→ **Exercise objective**
How do the lines below between the ones holding "2 bed, $2,200 — Photo 1" and "2017 MINI Cooper Image 8", inclusive, read? Give them again exactly, with no other lines.

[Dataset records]

/---

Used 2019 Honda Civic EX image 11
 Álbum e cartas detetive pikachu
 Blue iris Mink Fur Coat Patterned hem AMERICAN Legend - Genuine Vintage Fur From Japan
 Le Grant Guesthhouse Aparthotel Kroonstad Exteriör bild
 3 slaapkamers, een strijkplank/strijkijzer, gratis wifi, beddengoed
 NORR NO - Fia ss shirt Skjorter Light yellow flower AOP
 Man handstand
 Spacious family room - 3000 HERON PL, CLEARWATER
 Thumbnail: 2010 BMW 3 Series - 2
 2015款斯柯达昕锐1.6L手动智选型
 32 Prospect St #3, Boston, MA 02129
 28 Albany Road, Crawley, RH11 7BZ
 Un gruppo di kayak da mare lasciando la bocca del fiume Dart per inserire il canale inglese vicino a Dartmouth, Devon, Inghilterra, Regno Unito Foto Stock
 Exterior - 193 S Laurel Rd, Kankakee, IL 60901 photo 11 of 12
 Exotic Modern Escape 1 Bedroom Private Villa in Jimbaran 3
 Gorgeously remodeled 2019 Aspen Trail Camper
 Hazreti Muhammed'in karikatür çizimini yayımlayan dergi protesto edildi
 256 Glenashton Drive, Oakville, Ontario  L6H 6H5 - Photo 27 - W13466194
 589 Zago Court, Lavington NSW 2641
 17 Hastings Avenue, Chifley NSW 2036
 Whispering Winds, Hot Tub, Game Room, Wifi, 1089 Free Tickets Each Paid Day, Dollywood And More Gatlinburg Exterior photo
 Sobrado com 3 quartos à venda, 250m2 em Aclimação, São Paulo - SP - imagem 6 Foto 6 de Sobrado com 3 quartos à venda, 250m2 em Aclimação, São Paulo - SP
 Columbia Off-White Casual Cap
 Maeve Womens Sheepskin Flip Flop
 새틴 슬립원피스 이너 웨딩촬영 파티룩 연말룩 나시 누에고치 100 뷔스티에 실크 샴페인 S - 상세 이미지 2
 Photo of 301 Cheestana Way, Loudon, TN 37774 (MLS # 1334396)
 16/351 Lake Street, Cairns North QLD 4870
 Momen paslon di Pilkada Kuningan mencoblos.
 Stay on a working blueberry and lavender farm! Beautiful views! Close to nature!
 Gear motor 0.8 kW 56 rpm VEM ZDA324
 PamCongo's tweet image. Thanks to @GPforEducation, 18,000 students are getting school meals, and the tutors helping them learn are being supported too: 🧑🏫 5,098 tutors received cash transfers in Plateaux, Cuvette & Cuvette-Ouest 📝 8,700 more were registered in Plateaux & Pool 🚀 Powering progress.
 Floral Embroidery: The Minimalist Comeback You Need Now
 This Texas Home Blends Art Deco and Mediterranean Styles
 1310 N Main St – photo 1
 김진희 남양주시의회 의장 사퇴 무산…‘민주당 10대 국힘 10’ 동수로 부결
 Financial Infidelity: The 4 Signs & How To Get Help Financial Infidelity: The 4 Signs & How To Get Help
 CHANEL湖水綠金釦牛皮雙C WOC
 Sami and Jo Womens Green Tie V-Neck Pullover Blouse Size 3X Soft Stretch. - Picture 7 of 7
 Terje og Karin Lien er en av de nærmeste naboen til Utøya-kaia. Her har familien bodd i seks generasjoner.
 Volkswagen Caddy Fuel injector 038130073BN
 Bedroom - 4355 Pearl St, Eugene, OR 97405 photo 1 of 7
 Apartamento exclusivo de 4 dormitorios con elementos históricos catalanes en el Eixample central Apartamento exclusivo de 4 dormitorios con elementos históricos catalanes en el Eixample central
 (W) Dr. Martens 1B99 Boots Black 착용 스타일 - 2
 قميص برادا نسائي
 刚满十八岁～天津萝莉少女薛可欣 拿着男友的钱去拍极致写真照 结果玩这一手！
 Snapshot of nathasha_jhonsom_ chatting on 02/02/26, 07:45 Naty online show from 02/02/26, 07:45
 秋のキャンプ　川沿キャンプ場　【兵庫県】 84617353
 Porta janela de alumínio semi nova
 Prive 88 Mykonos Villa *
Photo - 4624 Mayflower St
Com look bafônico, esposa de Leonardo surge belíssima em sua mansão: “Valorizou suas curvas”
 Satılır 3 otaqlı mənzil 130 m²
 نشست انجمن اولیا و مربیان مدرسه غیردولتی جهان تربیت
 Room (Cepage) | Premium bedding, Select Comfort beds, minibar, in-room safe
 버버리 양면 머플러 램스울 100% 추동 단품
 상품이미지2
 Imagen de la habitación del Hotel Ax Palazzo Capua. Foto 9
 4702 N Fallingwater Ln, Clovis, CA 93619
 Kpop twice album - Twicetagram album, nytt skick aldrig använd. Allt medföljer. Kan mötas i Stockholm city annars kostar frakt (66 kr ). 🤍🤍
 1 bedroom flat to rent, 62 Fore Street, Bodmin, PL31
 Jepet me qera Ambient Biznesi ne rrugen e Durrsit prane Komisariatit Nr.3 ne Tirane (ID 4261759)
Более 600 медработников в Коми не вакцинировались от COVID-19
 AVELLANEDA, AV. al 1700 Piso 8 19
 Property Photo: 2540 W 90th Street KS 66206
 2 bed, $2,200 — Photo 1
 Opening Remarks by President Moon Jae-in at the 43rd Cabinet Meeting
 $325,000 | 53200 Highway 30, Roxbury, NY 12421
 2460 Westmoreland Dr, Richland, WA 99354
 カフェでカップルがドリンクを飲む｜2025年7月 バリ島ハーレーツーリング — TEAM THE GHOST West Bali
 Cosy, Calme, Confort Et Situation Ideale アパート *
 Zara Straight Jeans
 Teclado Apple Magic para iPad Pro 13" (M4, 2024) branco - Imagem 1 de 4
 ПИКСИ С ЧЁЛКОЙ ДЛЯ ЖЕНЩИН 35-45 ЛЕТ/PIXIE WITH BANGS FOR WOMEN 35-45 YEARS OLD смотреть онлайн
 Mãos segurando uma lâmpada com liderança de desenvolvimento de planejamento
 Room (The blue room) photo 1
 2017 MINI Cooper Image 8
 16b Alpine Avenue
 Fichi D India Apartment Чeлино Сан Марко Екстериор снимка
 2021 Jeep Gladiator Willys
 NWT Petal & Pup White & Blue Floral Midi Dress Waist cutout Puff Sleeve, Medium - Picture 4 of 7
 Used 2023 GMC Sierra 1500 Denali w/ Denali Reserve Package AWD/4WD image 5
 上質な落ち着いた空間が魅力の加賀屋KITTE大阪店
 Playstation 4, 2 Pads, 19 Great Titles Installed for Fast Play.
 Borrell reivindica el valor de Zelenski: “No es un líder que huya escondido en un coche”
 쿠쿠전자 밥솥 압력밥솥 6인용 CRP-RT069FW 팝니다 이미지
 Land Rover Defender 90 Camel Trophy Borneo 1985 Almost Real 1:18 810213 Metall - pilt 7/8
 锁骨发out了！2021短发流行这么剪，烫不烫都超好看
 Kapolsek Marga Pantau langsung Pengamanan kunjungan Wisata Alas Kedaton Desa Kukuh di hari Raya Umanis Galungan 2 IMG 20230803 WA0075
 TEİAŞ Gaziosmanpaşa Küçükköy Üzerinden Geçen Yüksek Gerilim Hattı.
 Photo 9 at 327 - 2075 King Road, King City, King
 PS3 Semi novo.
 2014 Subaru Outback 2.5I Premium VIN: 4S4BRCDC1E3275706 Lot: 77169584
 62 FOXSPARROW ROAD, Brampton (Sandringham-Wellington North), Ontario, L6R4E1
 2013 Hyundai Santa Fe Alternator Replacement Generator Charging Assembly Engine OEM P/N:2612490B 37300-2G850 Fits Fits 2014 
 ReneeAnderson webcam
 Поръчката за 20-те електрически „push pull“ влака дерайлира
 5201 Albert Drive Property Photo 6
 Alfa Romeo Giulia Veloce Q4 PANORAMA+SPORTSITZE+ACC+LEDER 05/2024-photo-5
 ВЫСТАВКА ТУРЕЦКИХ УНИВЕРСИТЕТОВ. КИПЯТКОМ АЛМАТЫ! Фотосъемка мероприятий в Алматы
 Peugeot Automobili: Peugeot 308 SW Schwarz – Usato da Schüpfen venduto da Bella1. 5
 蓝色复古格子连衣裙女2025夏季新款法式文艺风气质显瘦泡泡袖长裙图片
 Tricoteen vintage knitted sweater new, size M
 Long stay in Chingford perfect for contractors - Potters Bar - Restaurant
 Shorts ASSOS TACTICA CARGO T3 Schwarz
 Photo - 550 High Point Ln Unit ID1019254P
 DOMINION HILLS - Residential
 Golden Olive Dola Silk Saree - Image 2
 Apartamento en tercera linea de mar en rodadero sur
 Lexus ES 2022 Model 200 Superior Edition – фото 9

\---

→ **Task answer**
 2 bed, $2,200 — Photo 1
 Opening Remarks by President Moon Jae-in at the 43rd Cabinet Meeting
 $325,000 | 53200 Highway 30, Roxbury, NY 12421
 2460 Westmoreland Dr, Richland, WA 99354
 カフェでカップルがドリンクを飲む｜2025年7月 バリ島ハーレーツーリング — TEAM THE GHOST West Bali
 Cosy, Calme, Confort Et Situation Ideale アパート *
 Zara Straight Jeans
 Teclado Apple Magic para iPad Pro 13" (M4, 2024) branco - Imagem 1 de 4
 ПИКСИ С ЧЁЛКОЙ ДЛЯ ЖЕНЩИН 35-45 ЛЕТ/PIXIE WITH BANGS FOR WOMEN 35-45 YEARS OLD смотреть онлайн
 Mãos segurando uma lâmpada com liderança de desenvolvimento de planejamento
 Room (The blue room) photo 1
 2017 MINI Cooper Image 8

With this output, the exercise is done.